En los tiempos de Aníbal habían Elefantes muy cerca del Norte de África, tantos que Aníbal preparo la invasión de Roma con cientos de ellos, incluso atravesó los Alpes. La India y el Asia del sur estaban llenos de elefantes. Algunas cifras son suficientes para describir la tragedia de los elefantes en África ( https://wildleaks.org/wildlife-crime-stories/?lang=es ):
  • 27 millones de elefantes en el siglo XIX
  • 5 millones a principios del siglo XX
  • 1,3 millones de elefantes en 1981
  • 700.000 en 1988
  • 600.000 en 1990 (la prohibición internacional sobre el comercio de marfil está implementada)
  • 500.000 en 1998
  • Alrededor de 400.000 ahora (con 35-40.000 elefantes matados cada año)

Los rinocerontes fueron una vez abundantes en toda África y en Asia con una población global aproximada de 500.000 a principios del siglo XX. Sin embargo, a pesar de los esfuerzos de conservación, la caza furtiva está aumentando dramáticamente, acercando a los rinocerontes cada vez más al borde de la extinción. La población mundial se redujo a 70.000 en el año 1970 y a sólo 29.000 en estado salvaje en 2013 (con alrededor de 25.000 en África y el resto en Asia).

En Europa aún existían los leones en la época de la antigua Grecia. En Grecia y en Egipto era normal la presencia del León, recordamos el León de Medea. En los últimos 50 años, el número de leones salvajes en África han disminuido de más de 200.000 a menos de 20.000 en la actualidad.

La conquista del Mundo por los Europeos, especialmente de las islas oceánicas ocasiono una extinción terrible de las aves y animales. El Pájaro Dodo, el lobo de Tasmania, entre cientos. Revise https://es.wikipedia.org/wiki/Anexo:Mam%C3%ADferos_extintos_en_%C3%A9poca_hist%C3%B3rica y https://es.wikipedia.org/wiki/Anexo:Aves_extintas
 
La lista de animales y plantas amenazadas son alarmantes. Incluyendo aves, peces, mamíferos, corales, entre otros. Navegue por internet y dese cuenta de lo que llaman La Sexta Extinción.

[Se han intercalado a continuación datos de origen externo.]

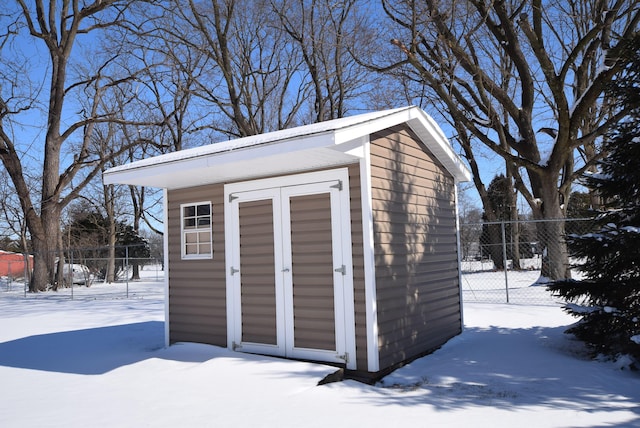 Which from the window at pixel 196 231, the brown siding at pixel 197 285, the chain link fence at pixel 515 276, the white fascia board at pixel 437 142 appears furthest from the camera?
the chain link fence at pixel 515 276

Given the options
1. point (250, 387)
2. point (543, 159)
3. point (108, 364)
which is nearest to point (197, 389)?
point (250, 387)

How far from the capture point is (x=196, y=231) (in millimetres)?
6855

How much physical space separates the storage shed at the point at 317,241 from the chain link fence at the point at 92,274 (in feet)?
25.7

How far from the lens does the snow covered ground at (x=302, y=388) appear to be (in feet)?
12.7

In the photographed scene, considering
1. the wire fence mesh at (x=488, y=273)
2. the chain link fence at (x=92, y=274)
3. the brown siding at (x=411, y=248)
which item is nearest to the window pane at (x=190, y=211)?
the brown siding at (x=411, y=248)

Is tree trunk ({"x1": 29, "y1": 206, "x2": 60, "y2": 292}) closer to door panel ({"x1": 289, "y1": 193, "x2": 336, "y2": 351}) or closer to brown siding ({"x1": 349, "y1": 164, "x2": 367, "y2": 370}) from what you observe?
door panel ({"x1": 289, "y1": 193, "x2": 336, "y2": 351})

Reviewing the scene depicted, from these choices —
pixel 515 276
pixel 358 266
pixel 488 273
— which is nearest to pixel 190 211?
pixel 358 266

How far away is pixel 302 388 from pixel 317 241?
5.51 feet

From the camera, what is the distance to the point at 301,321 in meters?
5.68

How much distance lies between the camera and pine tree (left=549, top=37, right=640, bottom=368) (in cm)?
516

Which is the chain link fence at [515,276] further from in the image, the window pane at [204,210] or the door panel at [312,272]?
the window pane at [204,210]

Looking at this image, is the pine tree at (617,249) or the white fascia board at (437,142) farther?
the white fascia board at (437,142)

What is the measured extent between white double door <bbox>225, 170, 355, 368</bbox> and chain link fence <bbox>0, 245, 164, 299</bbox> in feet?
28.0

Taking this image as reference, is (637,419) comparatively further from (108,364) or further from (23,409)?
(108,364) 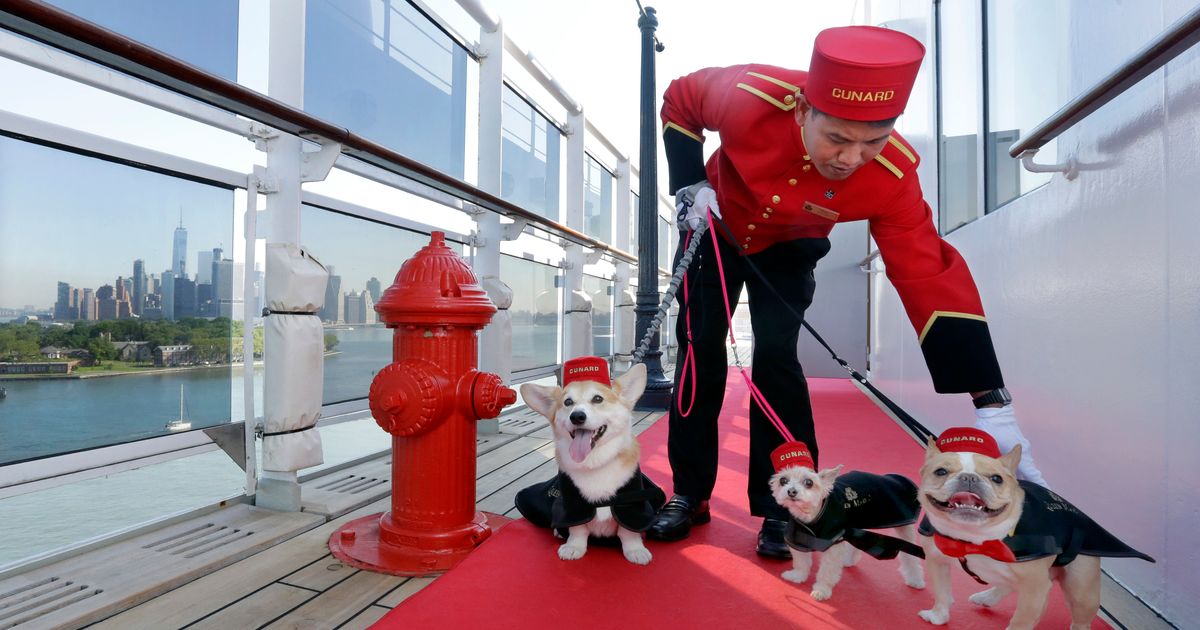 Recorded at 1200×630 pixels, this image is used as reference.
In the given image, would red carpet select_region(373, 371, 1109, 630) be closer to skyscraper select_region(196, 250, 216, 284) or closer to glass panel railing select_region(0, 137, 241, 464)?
glass panel railing select_region(0, 137, 241, 464)

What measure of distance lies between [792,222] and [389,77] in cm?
191

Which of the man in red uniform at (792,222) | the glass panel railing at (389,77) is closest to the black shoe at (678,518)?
the man in red uniform at (792,222)

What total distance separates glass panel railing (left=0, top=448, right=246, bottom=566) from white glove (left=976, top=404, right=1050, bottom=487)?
1913mm

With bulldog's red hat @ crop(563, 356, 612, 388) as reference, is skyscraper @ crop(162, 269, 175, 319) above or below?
above

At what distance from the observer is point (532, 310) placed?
13.4ft

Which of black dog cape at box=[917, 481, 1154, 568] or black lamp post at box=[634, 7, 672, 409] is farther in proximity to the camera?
black lamp post at box=[634, 7, 672, 409]

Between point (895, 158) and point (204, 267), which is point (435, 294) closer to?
point (204, 267)

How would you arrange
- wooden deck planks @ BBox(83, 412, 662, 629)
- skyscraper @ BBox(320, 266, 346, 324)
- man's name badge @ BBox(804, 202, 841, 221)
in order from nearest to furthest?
wooden deck planks @ BBox(83, 412, 662, 629) < man's name badge @ BBox(804, 202, 841, 221) < skyscraper @ BBox(320, 266, 346, 324)

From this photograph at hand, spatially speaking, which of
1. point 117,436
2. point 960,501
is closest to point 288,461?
point 117,436

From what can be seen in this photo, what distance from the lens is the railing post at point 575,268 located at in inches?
174

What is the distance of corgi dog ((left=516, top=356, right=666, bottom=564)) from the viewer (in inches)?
55.9

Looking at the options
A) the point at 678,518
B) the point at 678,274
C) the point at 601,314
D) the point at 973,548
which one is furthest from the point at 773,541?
the point at 601,314

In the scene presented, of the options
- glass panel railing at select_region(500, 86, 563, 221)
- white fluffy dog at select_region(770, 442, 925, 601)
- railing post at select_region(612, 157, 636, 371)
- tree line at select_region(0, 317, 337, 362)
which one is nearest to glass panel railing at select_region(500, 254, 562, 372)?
glass panel railing at select_region(500, 86, 563, 221)

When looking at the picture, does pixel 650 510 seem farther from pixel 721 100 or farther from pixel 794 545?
pixel 721 100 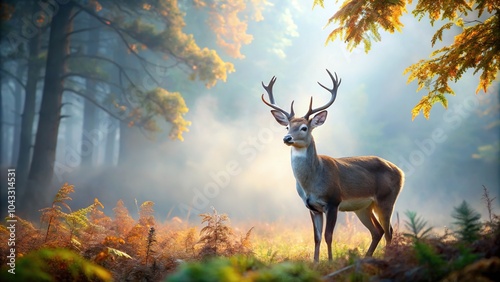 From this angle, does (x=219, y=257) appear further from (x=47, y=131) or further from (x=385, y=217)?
(x=47, y=131)

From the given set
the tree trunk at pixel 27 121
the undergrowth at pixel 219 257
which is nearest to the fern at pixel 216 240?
the undergrowth at pixel 219 257

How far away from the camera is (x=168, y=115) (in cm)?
1234

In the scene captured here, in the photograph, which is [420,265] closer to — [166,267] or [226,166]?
[166,267]

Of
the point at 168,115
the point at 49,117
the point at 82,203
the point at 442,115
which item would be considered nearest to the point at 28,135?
the point at 82,203

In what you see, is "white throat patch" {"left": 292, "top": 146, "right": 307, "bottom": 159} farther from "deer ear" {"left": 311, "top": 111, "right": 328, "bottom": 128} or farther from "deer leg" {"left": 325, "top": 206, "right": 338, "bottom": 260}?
"deer leg" {"left": 325, "top": 206, "right": 338, "bottom": 260}

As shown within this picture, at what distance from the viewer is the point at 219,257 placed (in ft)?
17.9

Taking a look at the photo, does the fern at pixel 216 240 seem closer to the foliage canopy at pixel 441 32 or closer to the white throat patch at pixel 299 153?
the white throat patch at pixel 299 153

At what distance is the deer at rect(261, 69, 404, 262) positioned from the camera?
653 cm

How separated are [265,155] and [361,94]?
20.7ft

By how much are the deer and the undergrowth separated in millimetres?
870

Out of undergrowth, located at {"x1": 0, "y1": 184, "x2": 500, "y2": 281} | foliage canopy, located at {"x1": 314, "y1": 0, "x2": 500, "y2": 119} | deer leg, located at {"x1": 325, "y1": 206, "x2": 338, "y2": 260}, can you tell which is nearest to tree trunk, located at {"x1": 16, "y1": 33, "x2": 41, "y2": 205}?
undergrowth, located at {"x1": 0, "y1": 184, "x2": 500, "y2": 281}

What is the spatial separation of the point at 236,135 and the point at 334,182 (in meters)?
16.9

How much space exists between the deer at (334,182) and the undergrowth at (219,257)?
0.87 meters

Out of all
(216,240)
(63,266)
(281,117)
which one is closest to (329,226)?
(216,240) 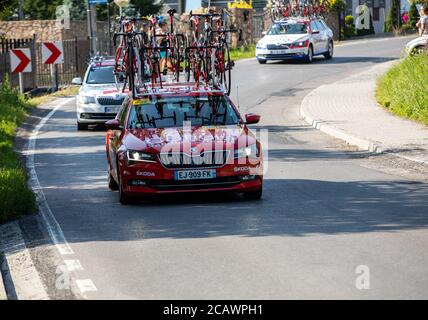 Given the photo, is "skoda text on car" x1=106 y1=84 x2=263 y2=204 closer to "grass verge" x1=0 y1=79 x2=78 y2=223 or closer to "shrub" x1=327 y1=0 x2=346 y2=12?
"grass verge" x1=0 y1=79 x2=78 y2=223

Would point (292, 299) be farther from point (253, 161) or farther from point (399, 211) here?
point (253, 161)

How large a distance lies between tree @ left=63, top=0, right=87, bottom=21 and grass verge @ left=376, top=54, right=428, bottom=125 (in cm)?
3288

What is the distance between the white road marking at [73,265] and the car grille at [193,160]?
360 centimetres

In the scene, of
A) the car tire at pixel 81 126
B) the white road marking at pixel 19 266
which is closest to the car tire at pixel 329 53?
the car tire at pixel 81 126

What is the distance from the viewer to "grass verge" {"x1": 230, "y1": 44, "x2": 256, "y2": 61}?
161 ft

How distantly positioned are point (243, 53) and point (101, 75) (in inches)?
935

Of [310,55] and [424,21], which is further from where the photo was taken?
[310,55]

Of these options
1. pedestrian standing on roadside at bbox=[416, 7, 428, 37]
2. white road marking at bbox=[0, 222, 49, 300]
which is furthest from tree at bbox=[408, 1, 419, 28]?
white road marking at bbox=[0, 222, 49, 300]

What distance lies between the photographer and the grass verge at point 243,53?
48.9 metres

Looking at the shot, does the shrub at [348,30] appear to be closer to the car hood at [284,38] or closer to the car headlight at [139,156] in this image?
the car hood at [284,38]

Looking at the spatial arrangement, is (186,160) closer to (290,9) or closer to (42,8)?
(290,9)

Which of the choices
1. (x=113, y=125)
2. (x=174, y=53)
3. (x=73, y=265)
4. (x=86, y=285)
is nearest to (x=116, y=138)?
(x=113, y=125)

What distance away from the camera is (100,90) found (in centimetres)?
2625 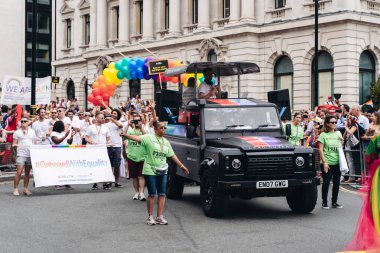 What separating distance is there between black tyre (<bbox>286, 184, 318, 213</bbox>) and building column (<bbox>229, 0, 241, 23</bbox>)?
28456mm

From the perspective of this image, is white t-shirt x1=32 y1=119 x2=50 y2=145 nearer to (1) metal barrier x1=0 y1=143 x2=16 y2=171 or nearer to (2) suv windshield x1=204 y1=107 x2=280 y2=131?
(1) metal barrier x1=0 y1=143 x2=16 y2=171

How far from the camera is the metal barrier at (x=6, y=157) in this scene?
62.4ft

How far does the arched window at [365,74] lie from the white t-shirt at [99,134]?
70.9ft

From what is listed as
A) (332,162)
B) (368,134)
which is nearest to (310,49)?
(368,134)

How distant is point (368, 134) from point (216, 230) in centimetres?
749

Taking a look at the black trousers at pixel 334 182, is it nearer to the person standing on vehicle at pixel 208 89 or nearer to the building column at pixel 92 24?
the person standing on vehicle at pixel 208 89

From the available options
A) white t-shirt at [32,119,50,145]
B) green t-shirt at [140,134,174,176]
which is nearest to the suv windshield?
green t-shirt at [140,134,174,176]

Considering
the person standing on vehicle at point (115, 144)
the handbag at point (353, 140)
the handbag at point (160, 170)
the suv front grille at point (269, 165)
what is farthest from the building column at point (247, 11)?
the handbag at point (160, 170)

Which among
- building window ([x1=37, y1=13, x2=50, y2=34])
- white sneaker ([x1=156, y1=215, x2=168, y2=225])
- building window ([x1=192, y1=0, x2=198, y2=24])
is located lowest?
white sneaker ([x1=156, y1=215, x2=168, y2=225])

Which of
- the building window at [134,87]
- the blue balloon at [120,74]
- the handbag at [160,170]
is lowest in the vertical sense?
the handbag at [160,170]

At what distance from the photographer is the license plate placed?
11430 millimetres

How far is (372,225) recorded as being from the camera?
7.35m

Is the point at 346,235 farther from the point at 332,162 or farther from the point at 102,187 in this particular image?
the point at 102,187

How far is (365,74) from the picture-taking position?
35.6m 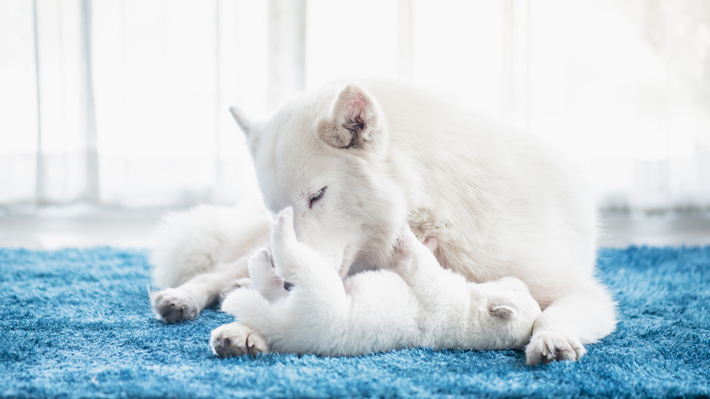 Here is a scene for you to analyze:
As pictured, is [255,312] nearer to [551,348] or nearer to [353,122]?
[353,122]

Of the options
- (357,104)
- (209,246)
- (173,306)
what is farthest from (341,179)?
(209,246)

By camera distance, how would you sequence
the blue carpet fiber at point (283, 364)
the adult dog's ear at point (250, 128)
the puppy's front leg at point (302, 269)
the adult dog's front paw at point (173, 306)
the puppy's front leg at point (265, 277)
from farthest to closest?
the adult dog's ear at point (250, 128), the adult dog's front paw at point (173, 306), the puppy's front leg at point (265, 277), the puppy's front leg at point (302, 269), the blue carpet fiber at point (283, 364)

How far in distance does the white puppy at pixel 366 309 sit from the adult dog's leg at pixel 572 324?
0.20 feet

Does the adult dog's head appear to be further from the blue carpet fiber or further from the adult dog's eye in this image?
the blue carpet fiber

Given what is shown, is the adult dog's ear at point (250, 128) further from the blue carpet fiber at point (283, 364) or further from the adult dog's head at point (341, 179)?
the blue carpet fiber at point (283, 364)

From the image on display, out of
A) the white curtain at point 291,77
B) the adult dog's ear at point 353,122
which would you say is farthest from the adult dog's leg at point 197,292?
the white curtain at point 291,77

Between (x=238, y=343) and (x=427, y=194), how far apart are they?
0.72m

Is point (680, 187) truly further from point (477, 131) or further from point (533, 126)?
point (477, 131)

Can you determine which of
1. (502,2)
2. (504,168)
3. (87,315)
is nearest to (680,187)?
(502,2)

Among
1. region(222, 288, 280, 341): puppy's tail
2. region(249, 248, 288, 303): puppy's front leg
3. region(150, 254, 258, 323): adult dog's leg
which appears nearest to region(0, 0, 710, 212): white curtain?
region(150, 254, 258, 323): adult dog's leg

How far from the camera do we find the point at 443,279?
4.41ft

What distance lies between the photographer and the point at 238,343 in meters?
1.27

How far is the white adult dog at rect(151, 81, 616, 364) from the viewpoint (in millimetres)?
1518

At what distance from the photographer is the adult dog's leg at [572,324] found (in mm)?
1261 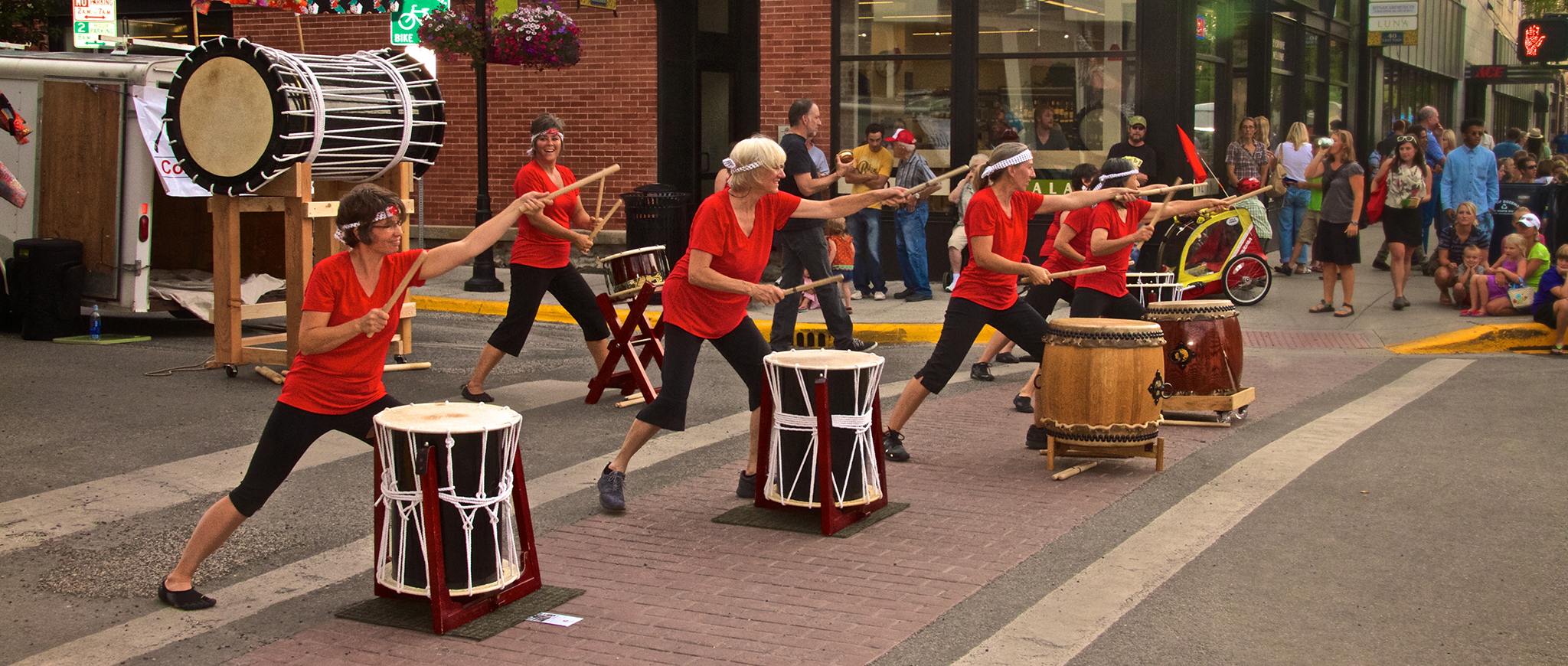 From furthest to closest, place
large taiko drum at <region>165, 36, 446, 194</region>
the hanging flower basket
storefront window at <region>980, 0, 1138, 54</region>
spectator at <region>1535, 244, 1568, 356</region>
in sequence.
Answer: storefront window at <region>980, 0, 1138, 54</region>
the hanging flower basket
spectator at <region>1535, 244, 1568, 356</region>
large taiko drum at <region>165, 36, 446, 194</region>

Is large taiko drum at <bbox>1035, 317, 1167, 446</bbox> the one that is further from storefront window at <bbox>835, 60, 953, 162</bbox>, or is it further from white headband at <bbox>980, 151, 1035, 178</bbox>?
storefront window at <bbox>835, 60, 953, 162</bbox>

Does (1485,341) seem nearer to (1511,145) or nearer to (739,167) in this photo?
(739,167)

Link  http://galeon.com/fierasysabandijas/enlaces/libros/sexext.pdf

En fin la superpoblación implica un consumo de recursos naturales renovables y no renovables ingente que está matando al planeta poco a poco, matando su diversidad, estamos creando un mundo monótono solo de humanos y de los animales y plantas que nos sirven de alimento. Pero además de ello estamos creando un mundo con menos libertad y con condiciones favorables para el totalitarismo. Issac Asimov el exitoso novelista de ciencia ficción en una entrevista de 1989 reflexionaba sobre la libertad y la superpoblación, veamos un extracto de esa entrevista:

Bill Moyers: ¿Qué pasa con la idea de la dignidad de la especie humana si la población sigue creciendo al ritmo actual?  

Isaac Asimov: Va a ser completamente destruida. Me gusta usar lo que yo llamo mi baño metáfora:

Si dos personas viven en un apartamento, y hay dos cuartos de baño, entonces ambos tienen libertad de baño. Usted puede ir al baño en cualquier momento que desee; permanecer el tiempo que desee y usarlo para lo que lo necesite. Todo el mundo cree en la libertad de usar el baño; y puede incluirse como un derecho en la Constitución.

Pero si usted tiene veinte personas en el apartamento y dos baños, entonces no importa cuánto cada persona crea en la libertad del uso del baño, no hay tal cosa.

Se tienen que establecer los tiempos para cada persona, se tiene que golpear la puerta, ¿Todavía Usted en el baño, o Usted de nuevo en el baño?,  etc.

Asimov continúa con lo que podría ser una de las más profundas observaciones del Siglo 20:
"De la misma manera, la democracia no puede sobrevivir la superpoblación; La dignidad humana no puede sobrevivir [sobrepoblación]; El uso a conveniencia y el comportamiento decente (Convenience and decency) no pueden sobrevivir  a la sobrepoblación. Cuando se incrementa más y más el número de  personas en el mundo, El valor de la vida no sólo declina, desaparece. No importa si alguien muere, Cuanta más gente haya habrá menos libertades individuales.“

Para conservar y proteger La Tierra hay mucho de qué hablar y reflexionar: de las bolsas de plástico, del uso de pitillos (pajillas, sorbetes, porotos) plasticos, de la reutilización de las cosas y no de la cultura del desecho, de la energia limpia, etc. Pero me quedo como una última frase, con algo que leí en un foro que no recuerdo “respetaremos la tierra cuando le demos el mismo valor a la vida silvestre (un animal, un gran árbol,… ) que a la vida humana."